Looking in the opposite direction, to the east, a hedgerow silhouetted against a background of changing pastels.




The Delta is a landscape where sense of place is palpable and complex - horrendous environmental damage caused by the Corps of Engineer's attempts to control an uncontrollable river, the horrors of slavery and a culture that built its wealth on that horror, the fantasy of the "Gone with the Wind" South, birth of the Blues, Tennessee Williams' Cat on a Hot Tin Roof - in an ancient land that still yields some of its primaeval past. Reading the landscape here is like archaeology, uncovering layer upon layer of history, geology, topography, ethics, art, and culture.

(Phillip Saperia contributed about half the photos in this post.)

Friday, January 16, 2009

Garden Diary: Reading the Landscape

Faced with a blank slate (in my case a ragged woodland), how do you make a garden?

I didn't know I was doing this when I started the garden at Federal Twist, but my first task was to observe the landscape - in Dan Pearson's words (listen to his Vista podcast), to learn to read the landscape - the feelings evoked by the site, the physical characteristics of the site, and the culture and history of the landscape.

Feeling
This is a humble landscape: woods on a slope, no distant views, no big sky, a pocket of cedars within an older forest of beeches, hickory, maple, ash, ironwood and tulip poplars - a small, quiet place with no notable distinction other than long rows of stone running throughout the woods, physical reminders of past lives here.

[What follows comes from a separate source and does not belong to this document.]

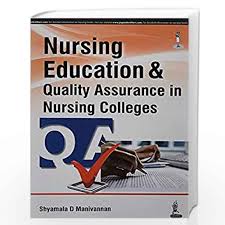 Nursing Education & Quality Assurance In Nursing Colleges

The house, encircled by woods on all sides, was elevated about 10 feet above the surrounding land on a man-made mound. The emotional tone of the landscape was one, not so much of peace as isolation. The surrounding woodland, mainly cedar (Juniperus virginiana), came right up to the house. Though the space was open to the woods all around, there was a sense of enclosure, with little sky visible, and of neglect, perhaps dereliction, lent by fallen, unkempt cedars and, immediately next to the house, several dying cherry trees that were obviously inappropriate to the place. There was a lonely feel about the landscape, no other houses to be seen, no views out.


The Physical Landscape
The house had been built on a gentle slope in the first ridge of hills above the Delaware River, a gentle but steep enough slope to be easily visible and to promote rapid storm water runoff. The water treatment (septic) system was in a highly visible location, but fortunately most of it was underground.

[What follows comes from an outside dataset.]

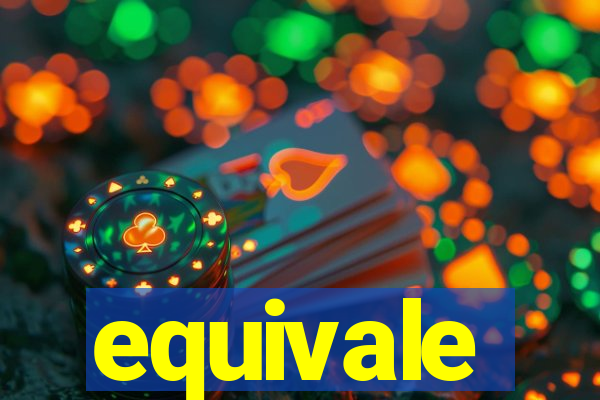 equivale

It was clear this was not a promising place for a garden. I was determined to find a way to make one, though I wasn't sure how. Long stone rows, probably made by farmers in the 18th century, lined the property on three sides. I liked the historical reference they provided and their visual effect, separating us from the surrounding woods. I would later come to appreciate a ready source of native stone for making dry laid stone walls.

The house was also an important component of the landscape. Elevated as it was, to give a view long ago obscured by tree growth, it was visible from all points, at least in partial view.

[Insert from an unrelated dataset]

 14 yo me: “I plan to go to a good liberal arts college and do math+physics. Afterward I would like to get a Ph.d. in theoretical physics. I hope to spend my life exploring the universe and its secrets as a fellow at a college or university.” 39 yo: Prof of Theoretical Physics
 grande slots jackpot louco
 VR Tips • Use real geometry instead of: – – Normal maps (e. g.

A mid-century house (see before and after above), with a low, simple profile, and a wall of windows facing the area to become the main garden, it had wide eaves suggestive of Japanese architecture and a modernist look that I knew would dictate stylistic choices when I began planning what kind of garden I would have. Fortunately the architect, William Hunt, had given consideration to the location, and designed a structure that had minimal visual impact on the surroundings.

The Cultural and Historical Landscape
When Dan Pearson talks of reading the landscape, he describes it as something he does quickly, in an hour or a day. I took much longer. Over time I began to speculate on the lives of the former inhabitants of the land, the early European settlers, the native Americans, the lives of the owners and operators of the 18th and 19th century mills that took their power for grinding grain and cutting timber from the Lockatong Creek a quarter mile below the house.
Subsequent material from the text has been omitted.